QSCI
482/Prof. Conquest TAs
Kennedy, Malinick, Norman
HW
5--DUE FRIDAY, NOVEMBER 8, 2002
1. Recall problem #4 of HW 4 about
the effects of Nitrofen on C. dubia
offspring (a one-sample test). The
expectation was that Nitrofen would
cause a *decrease* of the average
number of offspring to something below
the control value of 32.0. The
purpose of this problem is to use the power
calculation from part 4b to
fill in the now "blank" power illustration on
page 8-5 of the
notes. (You'll need to make a copy of p. 8-5, or just
trace the two curves
on a piece of white paper).
On this graph, draw (or shade) in the
following: alpha, 1-alpha, beta,
1-beta. (From problem 4b alpha = .10,
power = .95.) Label the null
hypothesized value of mu0 = 32. In order to
label the value of mu under
the alternative hypothesis (call it muA) for
this level of power, you need
to calculate the value of the delta, the
minimum detectable effect (MDE),
using the information from #4 in HW4
(n=10, s=3.6). Once you have found
delta, note the relationship between
mu0, muA, and delta, and use it to
find muA. Also denote clearly delta,
the MDE, on the plot.Finally, the big
vertical line on the graph must be
labeled. That line denotes the
"accept/reject" value for xbar.
That is, you need to figure out for what
values of xbar would one
"accept" Ho, and for what values of xbar would
one reject
Ho.
2. Recall the littleneck clam (Protothaca staminea) study done
in
Garrison Bay, Washington. Now
there are two random samples, each taken
from a different type of
sediment. The data are as
follows:
Sample from Sediment A:
xbar = 40.0 mm, s = 4.6 mm, n =6
Sample from Sediment B: xbar = 40.5 mm, s = 3.5 mm, n=9
a.
Test to see whether the two means differ at the .10 level of
significance
(you may assume equal variances for this part of the
problem). If they do, compute 90% confidence intervals
around the
separate means.
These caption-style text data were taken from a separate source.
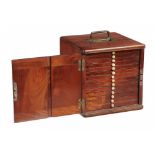 A VICTORIAN MAHOGANY MICROSCOPE SLIDE CABINET, LATE 19TH C with recessed brass handle and plain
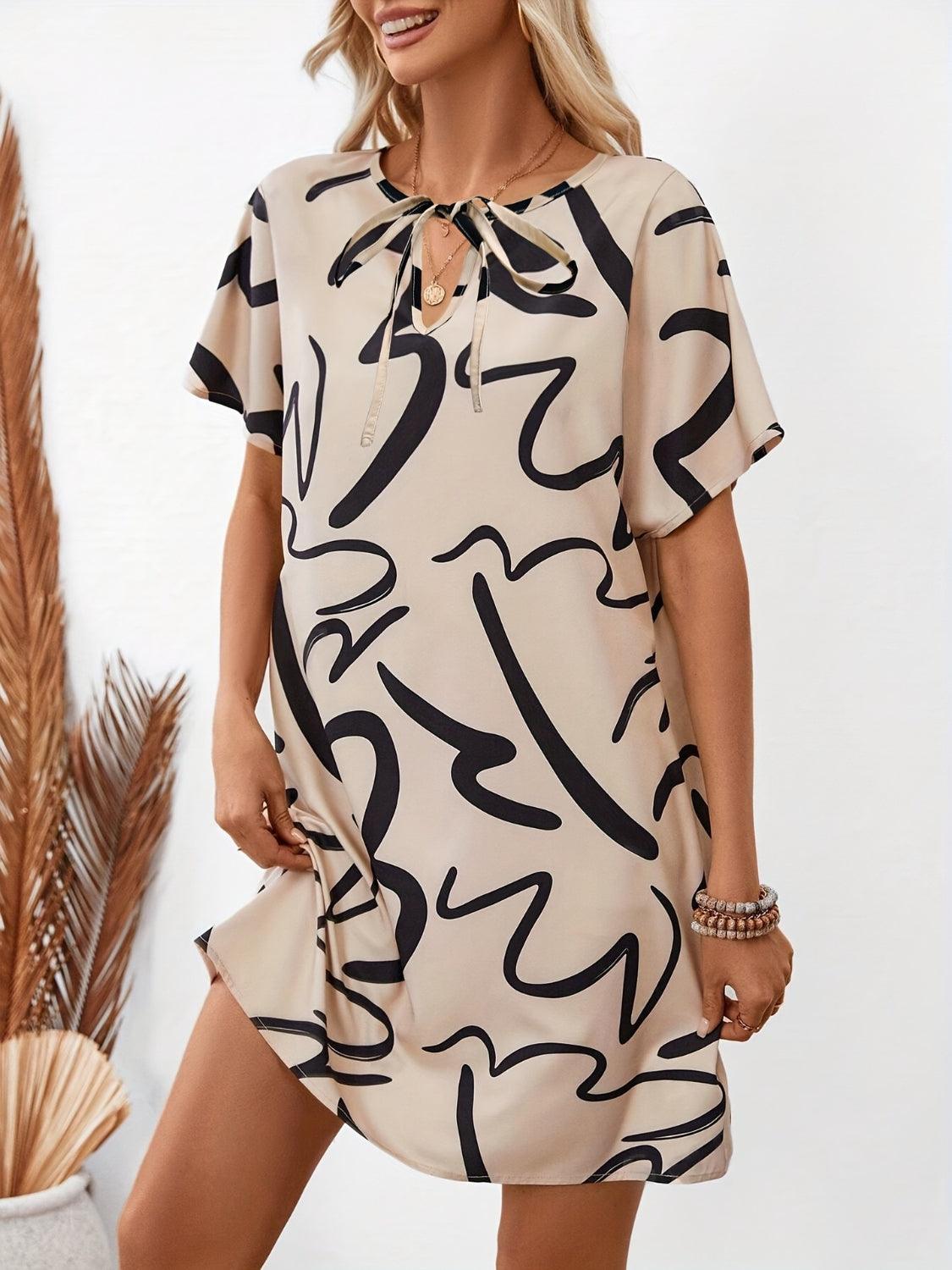Printed Short Sleeve Mini Dress - Clothes For Her Online Store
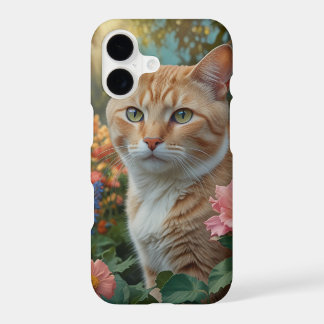 Pretty white orange cat in floral garden iPhone 17 case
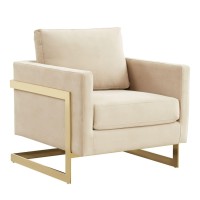 Leisuremod Lincoln Modern Mid-Century Upholstered Velvet Accent Arm Chair With Gold Frame, Beige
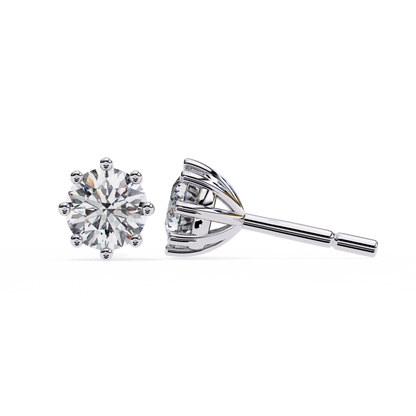 8 Prong Set 2.57Ct Round Cut High Quality Lab Grown Diamond Antique Push Back Daily Wear Stud Earring For Her - HIGHCARAT DIAMONDS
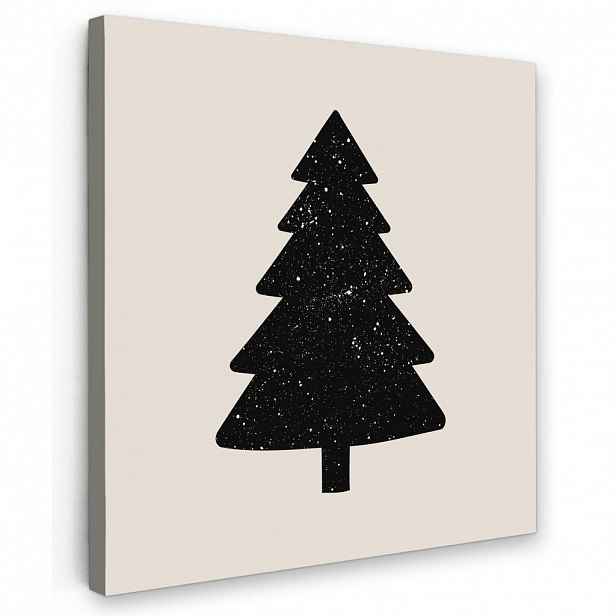 MuchoWow OBRAZ NA PLÁTNĚ Vánoční stromek - Černá - Holiday - Béžová 20x20 cm
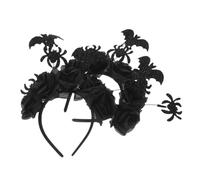 COLLBATH 2pcs Gothic Rose and Bat Headbands Realistic Halloween Hair Accessories with Spiders Dark Romantic Black Floral Crown for Women Day Dead Cosplay Party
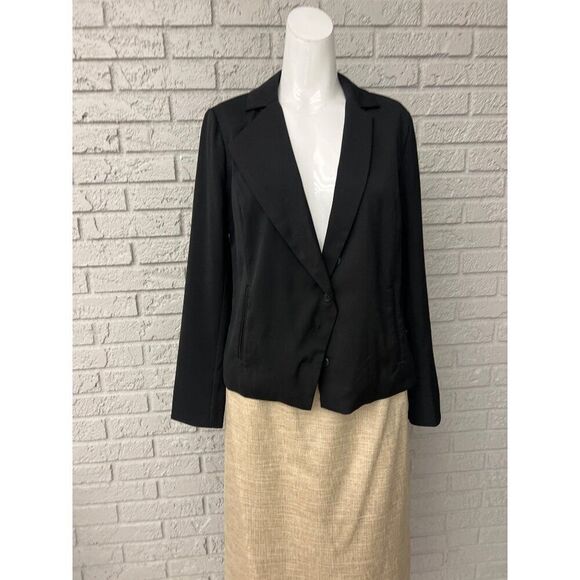 Laurie Flelt Women Black Cropped Back Pleated Blazer  Size 4 - Picture 3 of 16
If they
do not, compute a 90% confidence interval around
the pooled mean.
b.
If one wanted to be able to detect a difference between two groups as
small
as 0.5 mm, assuming equal sample sizes, what is the minimum n
required to
accomplish this? Assume .10 level of significance, power of
.75, and
pooled standard deviation of 4.0 mm.
c. Again assuming pooled standard deviation of 4.0 mm, respective
sample
sizes of 6 and 9, and a .10 level of significance, what is the
power of
detecting a difference between the two group means as low as
1.0 mm?
d.
Finally, test to see whether the two variances are indeed equal, at the
.10
level of significance.
3. Below are data concerning Am-241
(Americum-241) concentrations (in
thousandths of pCi/g) in soil crust
material collected at two different
locations, one near
("onsite") and one far ("offsite") from a nuclear
reprocessing
facility. The purpose of the study is to see whether the
onsite
population has larger Am-24a concentrations than the offsite
population.
Population
1 (onsite): 1.74 2.00 1.79 1.81 1.91 2.11 2.00 (n=7)
Population 2
(offsite): 1.45 1.27 1.17 1.01 2.30 1.54 1.71 1.71 trace
(n=9)
NOTE:
"trace" means that Am-241 was indeed detected, but in an amount too
small to measure exactly.
At the .10 level of significance,
using a test that will incorporate all
the data, including the
"trace" measurement, test to see whether Pop. 1
has larger
Am-241 concentrations than Pop. 2. What do you conclude?